EXERCISE –
What is needed is an exact copy of the lines in the entries below from the one holding "Before sealcoating –" through the one holding "Moderni hotellihuone, jossa", pictures excluded.

RAW DATA –

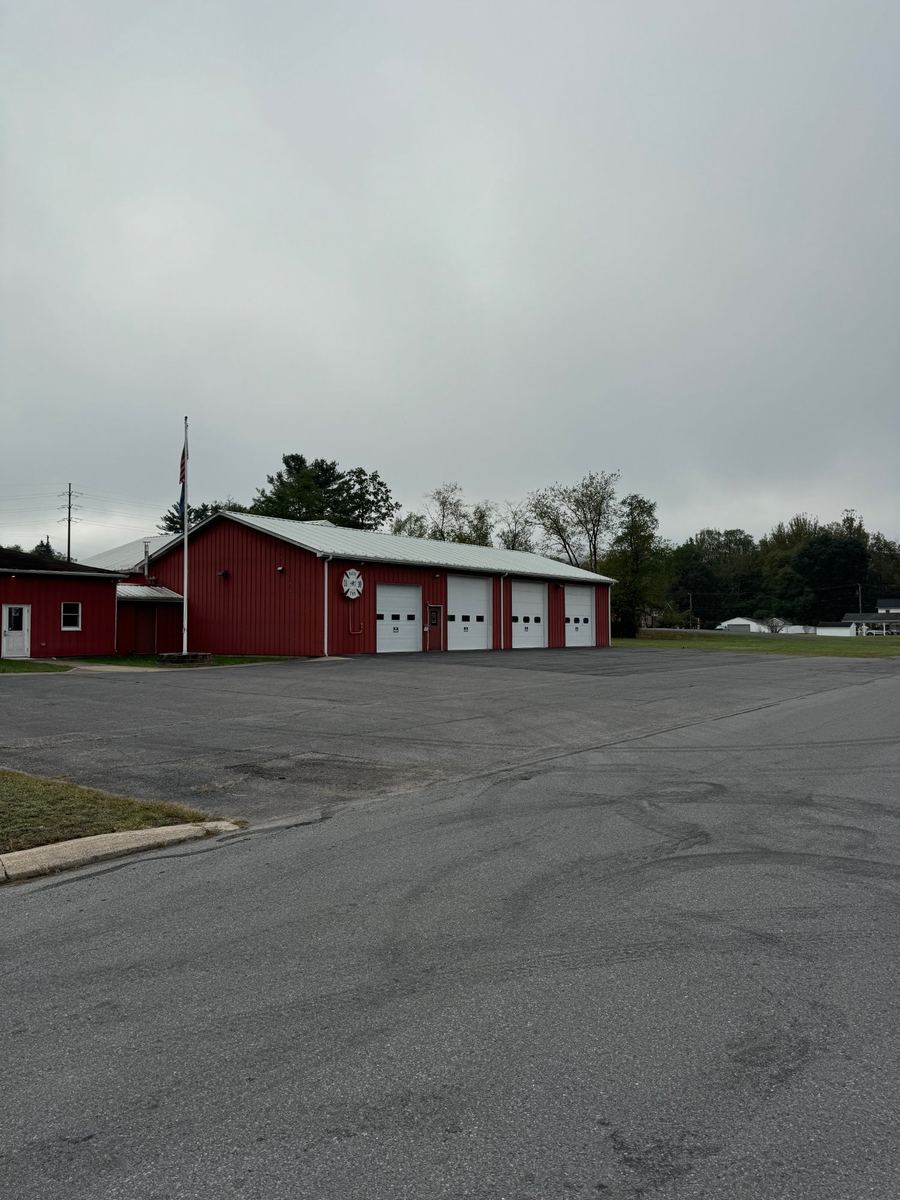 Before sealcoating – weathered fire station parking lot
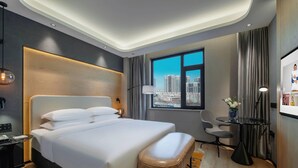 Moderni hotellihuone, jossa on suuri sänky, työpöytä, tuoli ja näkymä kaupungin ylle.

---

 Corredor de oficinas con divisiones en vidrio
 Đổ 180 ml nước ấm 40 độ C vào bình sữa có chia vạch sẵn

==

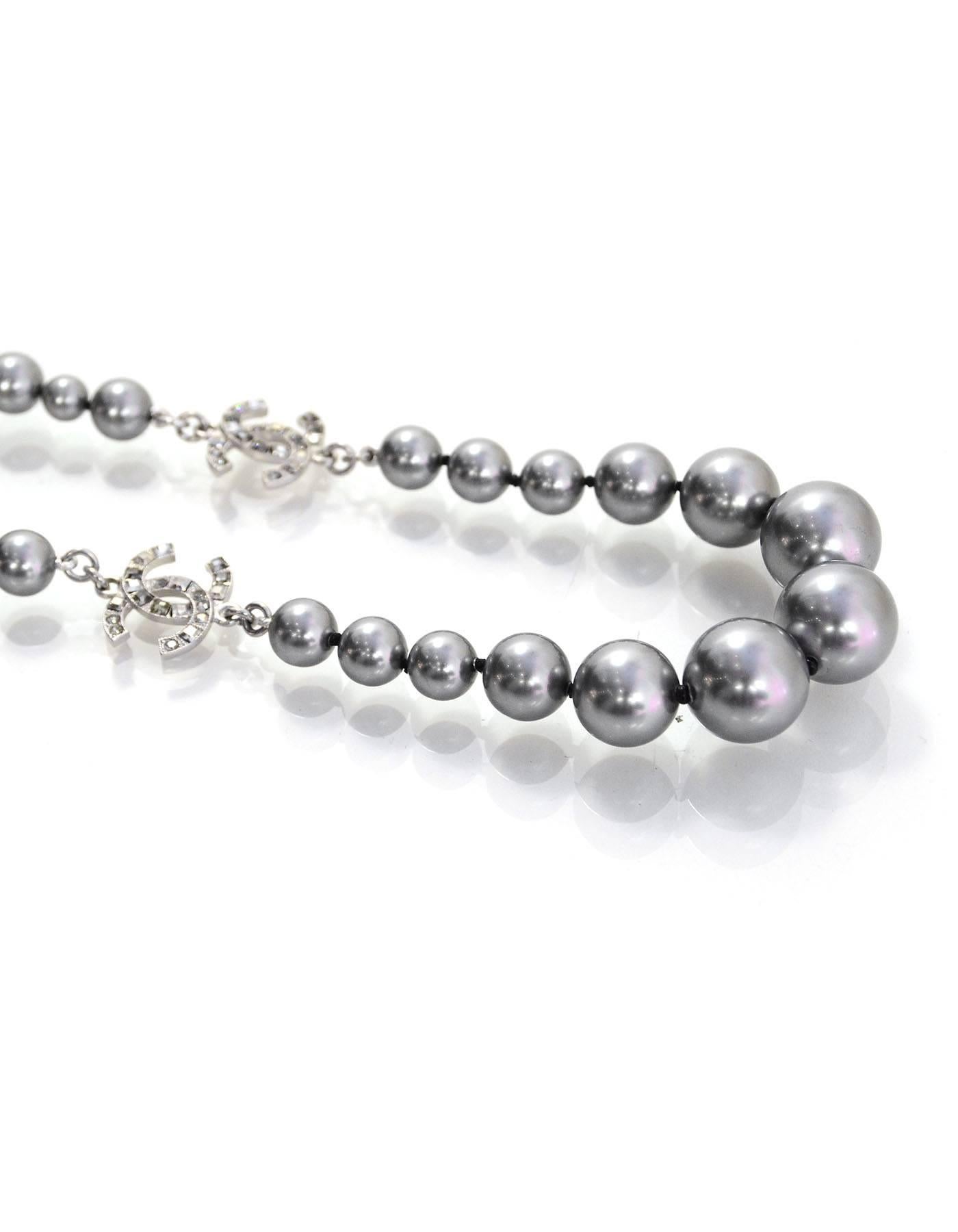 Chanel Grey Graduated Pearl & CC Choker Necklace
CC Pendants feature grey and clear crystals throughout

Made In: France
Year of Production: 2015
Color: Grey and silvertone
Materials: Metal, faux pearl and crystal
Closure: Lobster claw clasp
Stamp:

RESPONSE TO THE TASK –
 Before sealcoating – weathered fire station parking lot
 Moderni hotellihuone, jossa on suuri sänky, työpöytä, tuoli ja näkymä kaupungin ylle.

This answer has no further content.